By Bob Williams
Last month, the Government Accountability Office released its annual report on the fiscal condition of our states. The report’s title — “State Fiscal Gap Seen Worsening” — says it all. Every state is facing record deficits, and the GAO predicts the budget gaps for state and local governments will steadily worsen through 2060 absent any policy changes.
The GAO calculated that closing the fiscal gap with an immediate action would require an annual 12.7 percent reduction in state and local government expenditures, or tax increases of a similar magnitude.
The downward spiral that state budgets are experiencing are the result of accounting gimmicks, reckless spending, and a failure of state legislatures and governors over the years to make the tough decisions to reset state spending to a level that taxpayers can afford.
In October, we at State Budget Solutions released a report that showed total state debt exceeds $4 trillion. The states with the largest total deficits are California, New York, Texas, New Jersey and Illinois, respectively. California hit the bottom of the list, with a deficit of more than $612 billion. Even the states with the lowest deficits are still in the red by $5 billion to $10 billion.
So what can each state do to fix this? The answer can be found in pension reforms and a change in budgeting strategy.
First, legislatures and governors must do a strategic analysis and identify core functions of their government. This will help them begin implementation of Reality-Based Budgeting, also known as outcome performance-based budgeting. This budgeting strategy forces all legislators to start by asking, “What must the state accomplish?” and to set clear measurements for programs’ efficacy and efficiency.
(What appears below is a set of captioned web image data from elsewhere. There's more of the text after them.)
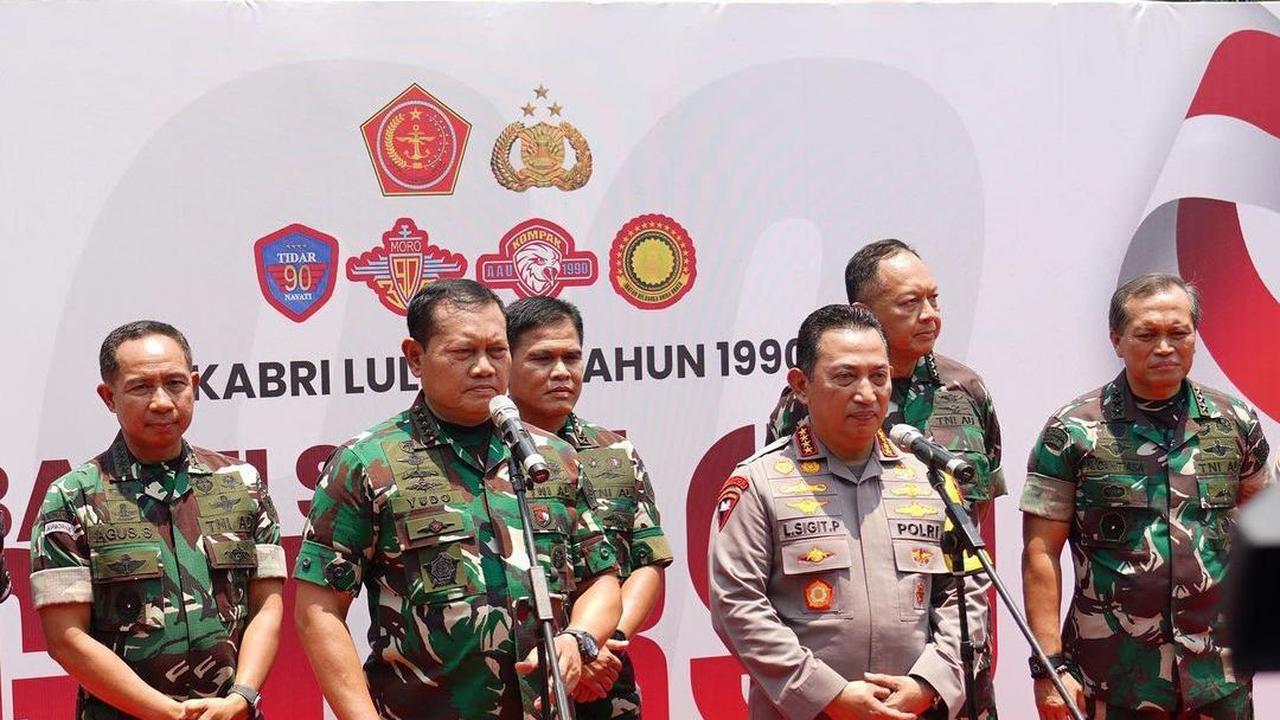 Kasad terlihat bergabung dalam barisan di belakang Panglima TNI dan Kapolri. Di barisan tersebut berjejer Kasad, Kasal Laksamana TNI Muhammad Ali, Kasau Marsekal TNI Fadjar Prasetyo dan Letjen I Nyoman Cantiasa.<br>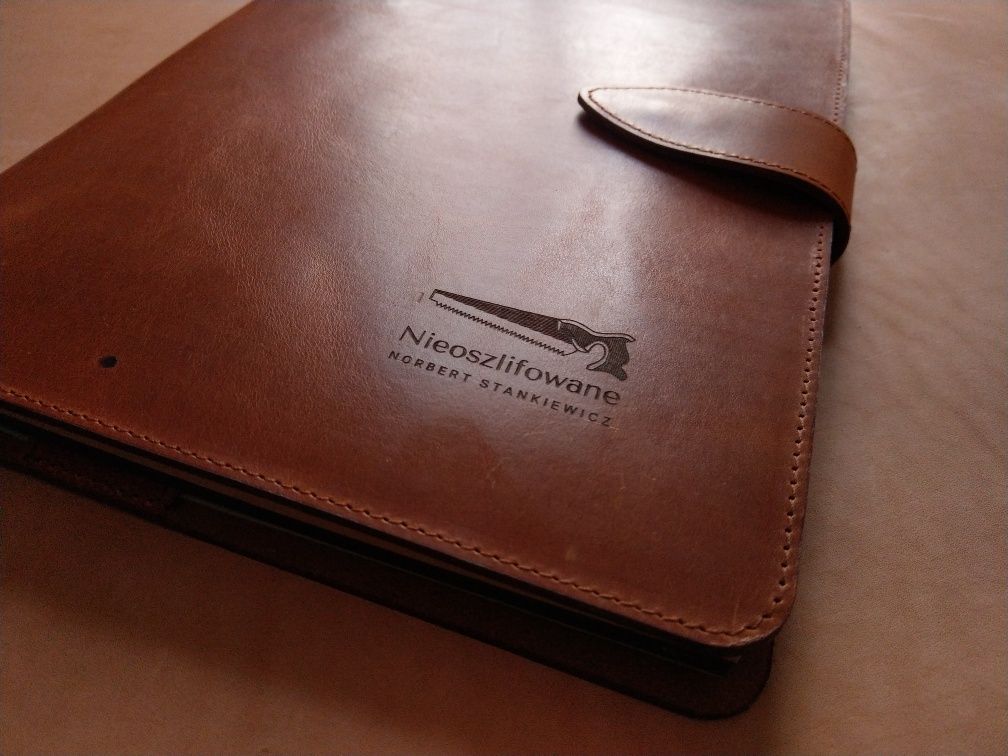 Etui, organizer na notes ze skóry bydlęcej A4, GRATIS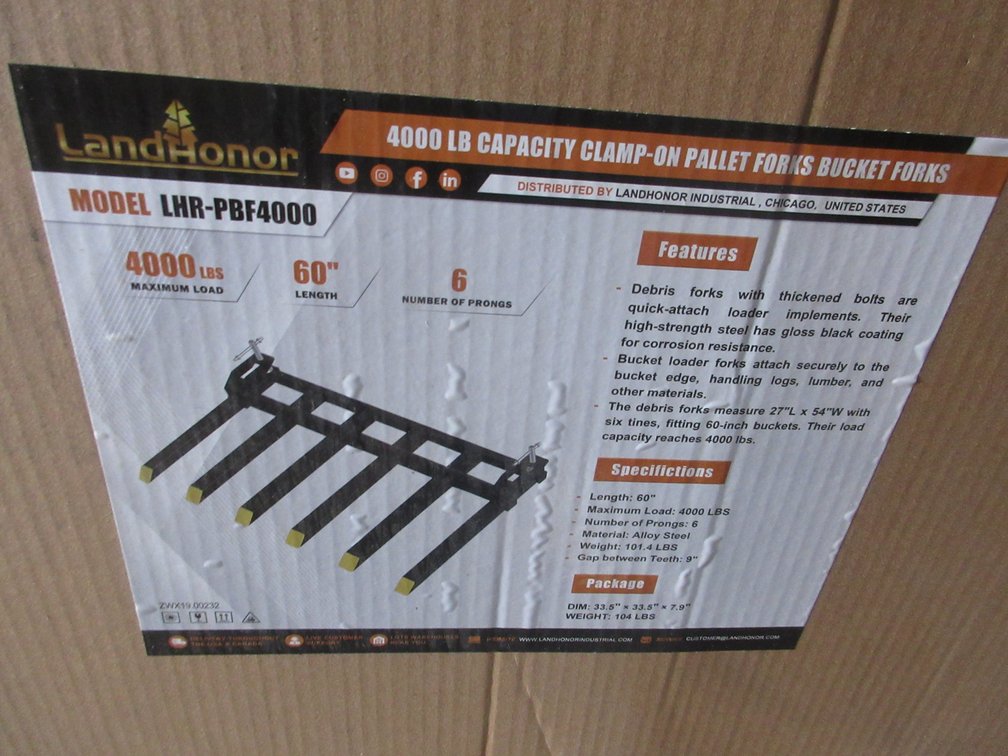 Land Honor 4000lb. Capacity Clamp-on pallet forks/bucket forks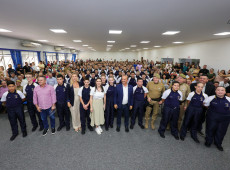  O governador Jorginho Mello inaugurou na sexta-feira, 7, o Colégio Policial Militar Feliciano Nunes Pires (CFNP), em Chapecó.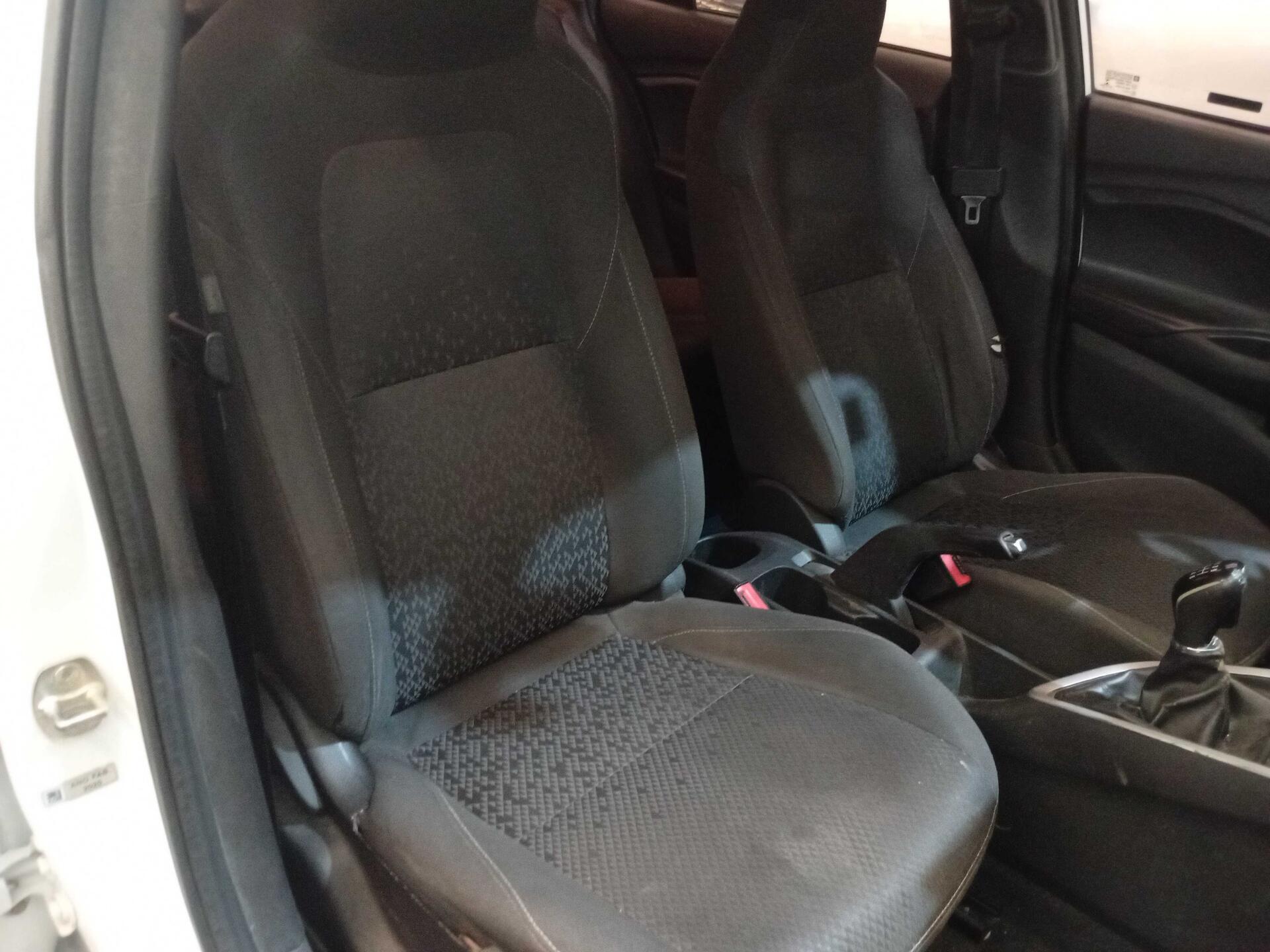 CHEVROLET / ONIX PLUS LT 1.0 12 FLEX 2020/2020 — foto 34 de 40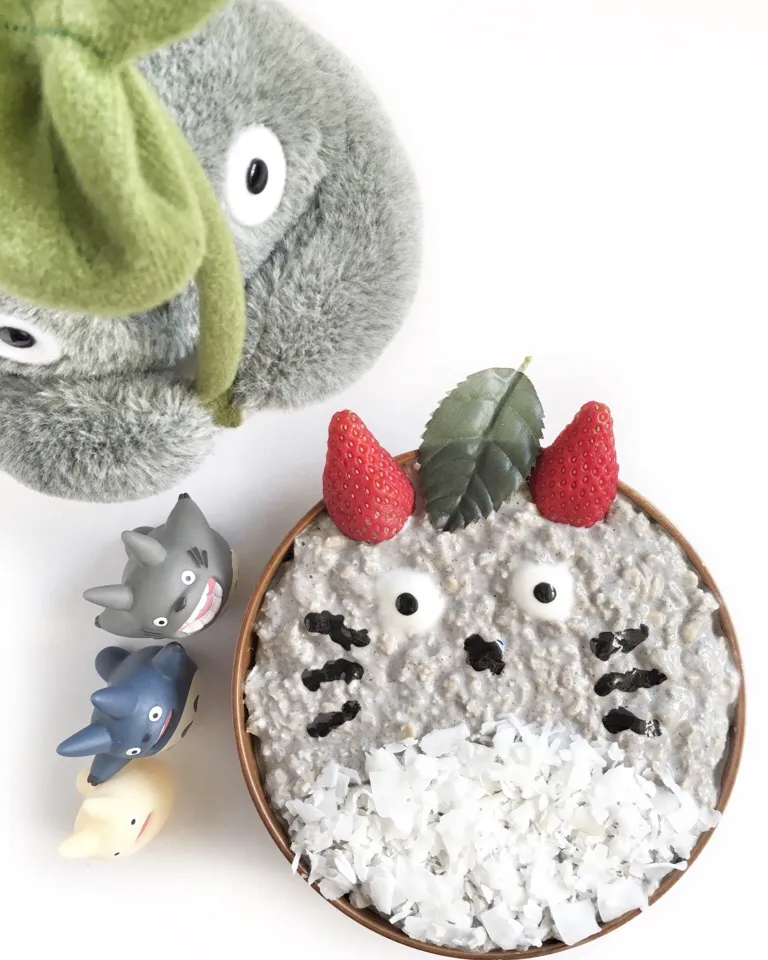 Black sesame oats in Totoro shape|coxiella24さん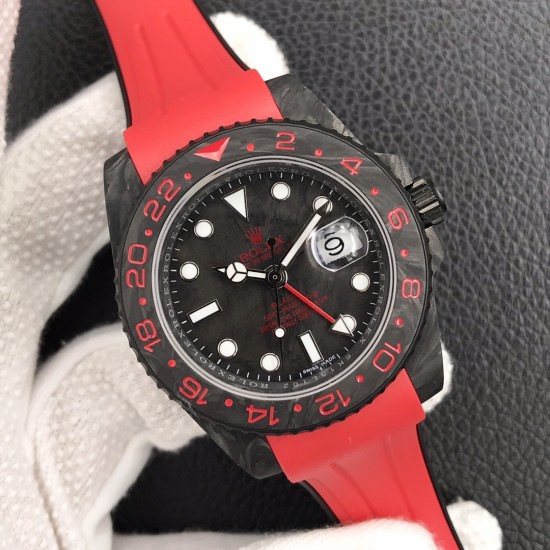 劳力士Rolex Daytona翡翠夜光全碳纤维GMT横空出世 这款获得天文台认证的首款全碳纤维GMT搭载2836全自动机械 蓝宝石抗刮损水晶镜面 碳纤维字面 完美复刻 原装同步橡树胶带 原装扣 更加柔软舒适 方便佩戴 爱不释手的劳力士GMT 品不完的一劳永逸!!! 劳力士Rolex Daytona翡翠夜光全碳纤维GMT横空出世 这款获得天文台认证的首款全碳纤维GMT搭载2836全自动机械 蓝宝石抗刮损水晶镜面 碳纤维字面 完美复刻 原装同步橡树胶带 原装扣 更加柔软舒适 方便佩戴 爱不释手的劳力士GMT 品不完的一劳永逸!!!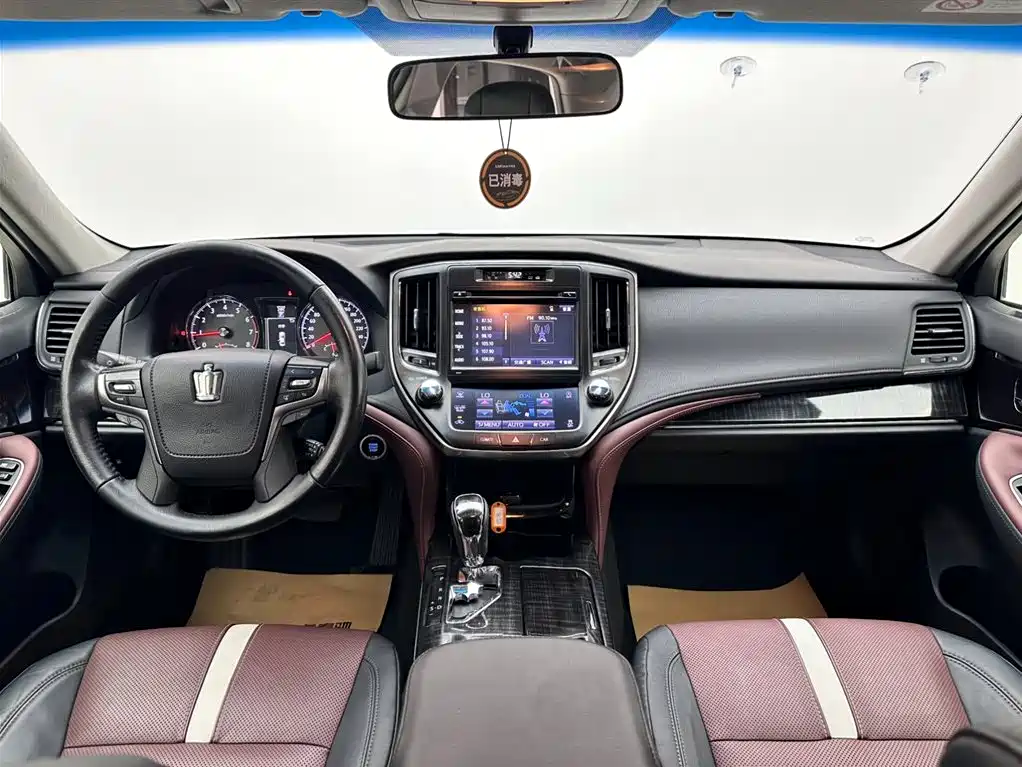 Toyota Crown 2017 — фото 10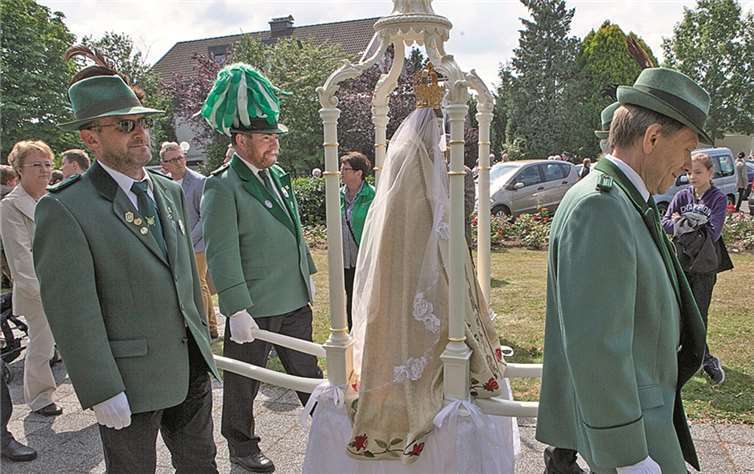 Das älteste Gnadenbild in der Erzdiözese Köln, die „Rosa Mystica“, zog in Begleitung der Buschhovener Bürgerschützen bei der 824. Wallfahrt durch den Ort.JOST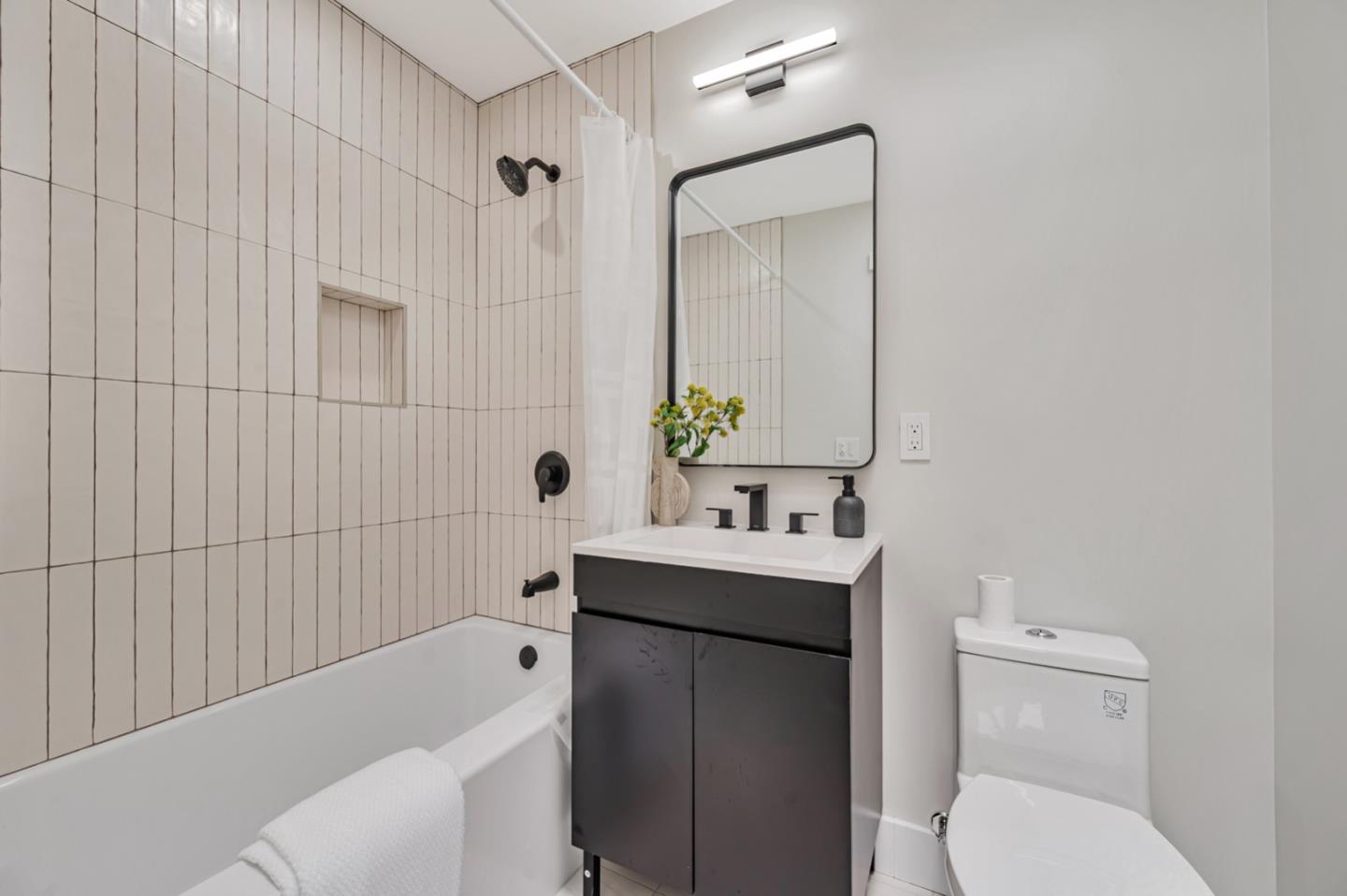 SOUTH SAN FRANCISCO, California, 94080, United States, 4 Bedrooms Bedrooms, ,3 BathroomsBathrooms,Residential,For Sale,1951079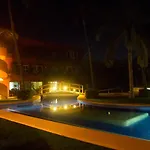 La Ceiba Del Mar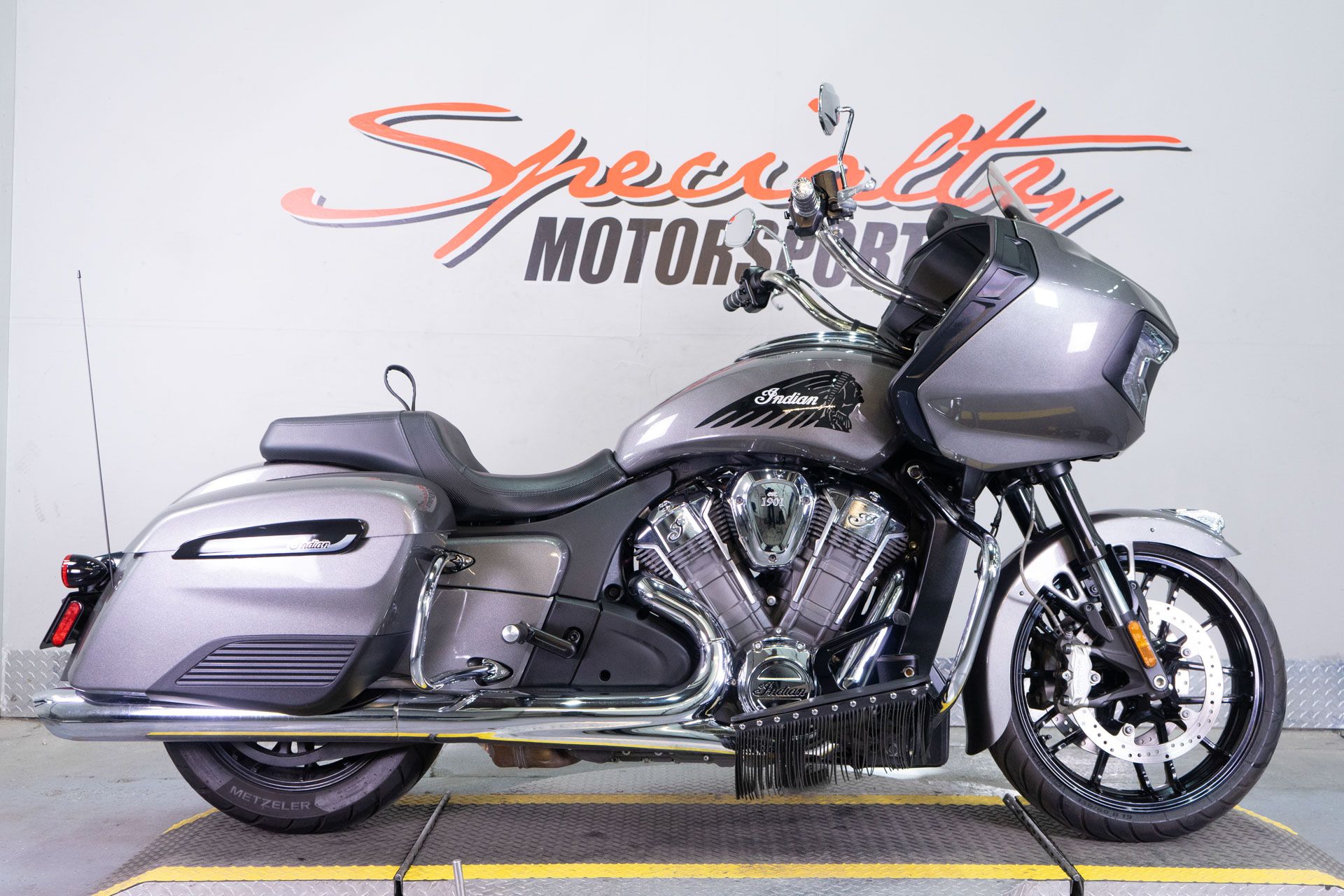 2020 Indian Motorcycle Challenger® in Sacramento, California - Photo 1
Upon determining how much money the state actually has, government officials must establish what is the most effective and efficient way to deliver essential services within those limits.
Reality-Based Budgeting eliminates budget gimmicks and accounting games. It provides state legislatures the opportunity to examine how much funding is truly needed for each government service or program. It eradicates redundancies while allowing transparency to shine through government spending.
Next, governments must tackle fundamental pension reform. Despite recent reform efforts, public defined-benefit pension plans are ultimately doomed unless we pump trillions more dollars into them. And even then, pensions are still endangered by reckless, shortsighted policies of politicians and fund managers.
Unfunded pension liabilities are the dark cloud on the horizon of state budgets; a cloud totaling trillions of dollars. Though they represent unavoidable fiscal debt, pension liabilities often slip under the radar when states tally up their spending, thanks to their status as “future payments” and the accounting games that states use to mask the pension problem.
States need aggressive pension reforms, including a move from defined-benefit plans to defined-contribution plans, which are similar to the 401(k) plans offered in the private sector. Defined-benefit plans guarantee specific levels of service regardless of cost, whereas defined contribution plans establish a fixed payment toward services. Instituting defined-contribution plans would end the endless cost escalations of nonsalary compensation. A move to defined-contribution plans would reduce the risk to taxpayers, provide lawmakers with a reliable cost estimate for budgeting, and give state workers control over their retirement funding. Example: Utah’s transition to a hybrid defined-contribution plan was a reform that cut the state’s $6.5 billion pension debt in half.
Now is the time for state governments to work together and create reform that will ease their deficit. Delay and avoidance only make deficits worse. There is no spell to cast to make the effects of decades of mismanagement magically disappear. The day of reckoning is here.
(Bob Williams, President of State Budget Solutions, is a former Washington state legislator, gubernatorial candidate and auditor with the Government Accountability Office. Williams is Founder and Senior Fellow at the Freedom Foundation, a public policy organization in Olympia, Washington.)